Les membres du gouvernement sont proposés non par le Premier Ministre, mais par les partis politiques signataires de l’accord de Marcoussis. Les partis choisissent leurs portefeuilles et les militants chargés de les gérer. A partir de ce moment, les ministres ne sont plus responsables devant le Chef de l’Etat et ne rendent compte qu’au président de leur parti d’origine, dont le seul objectif devient la démolition des institutions de la République, l’éviction de Laurent Gbagbo et la prise du pouvoir sans élections et sans avis du peuple. Le gouvernement devient alors pléthorique et son niveau d’incompétence s’élève. Le pouvoir de révoquer les ministres que la Constitution reconnaît au Président de la République lui est contesté. Depuis cette date, personne ne peut virer un ministre sans être accusé de porter atteinte au processus de paix. Ni Seydou Diarra, ni Laurent Gbagbo ni qui que ce soit d’autre, n’a ce droit. Même lorsque les belligérances se taisent sur les fronts militaires, dans les cercles du pouvoir au Plateau, à Abidjan, elles font rage entre la Primature et le Palais Présidentiel d’une part et entre les ministres eux-mêmes de l’autre.

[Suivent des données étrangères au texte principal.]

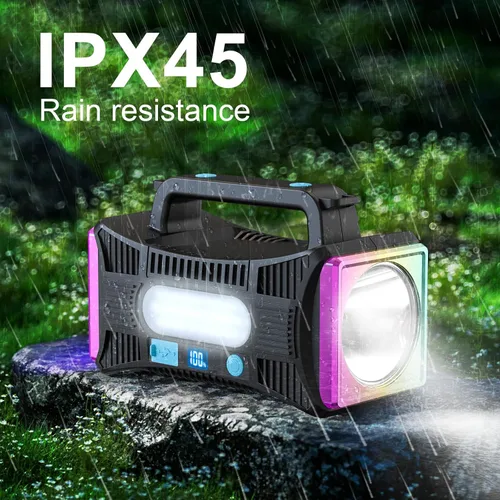 Vista 8 de Linterna Recargable, Linterna Reflector LED de 15000 de Capacidad Lúmenes Extra Grandes Ultra-Larga Espera Linterna UV Luz Negra Impermeable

C’est à ce moment que les dérapages se mettent en route. La Constitution étant corrompue, les institutions suivent aussitôt. La corruption se généralise avec ce type de gouvernement dit de «Réconciliation Nationale». Et les refondateurs, qui sont eux aussi des humains, perdent leurs repères et se laissent aller, avec négligence, dans le piège de la mauvaise gouvernance. L’ordre et la discipline qui avaient marqué les premières années de pouvoir de Gbagbo cèdent la place au désordre et à l’indiscipline dès 2003. Le racket, la tricherie aux examens et concours, les pots de vins, les trafics d’influence, l’enrichissement rapide injustifié, qui étaient en train d’être maîtrisés durant les premières années de la Refondation, se déchaînent et se réinstallent comme au temps du parti unique (1960-1990) et avec des allures qui ressemblent à celles de l’ère du multipartisme sans démocratie (1990-2000).

La Refondation devient la Rebfondation. L’ancien régime se rebelle contre les refondateurs, qui bien qu’ayant bloqué et contenu la rébellion militaire et politique, se sont laissés aller à la dégénérescence morale inspirée, en absence de toute autorité, par l’impunité et l’apologie de la mauvaise gouvernance. A l’époque de l’opposition, les refondateurs n’acceptaient pas les atteintes à l’éthique de la démocratie et de la société ouverte. Aujourd’hui, avec la Rebfondation, nous gardons un silence coupable sur les violences faites à l’éthique, quand nous n’applaudissons pas les hauts faits de ces nouveaux «grilleurs d’arachides».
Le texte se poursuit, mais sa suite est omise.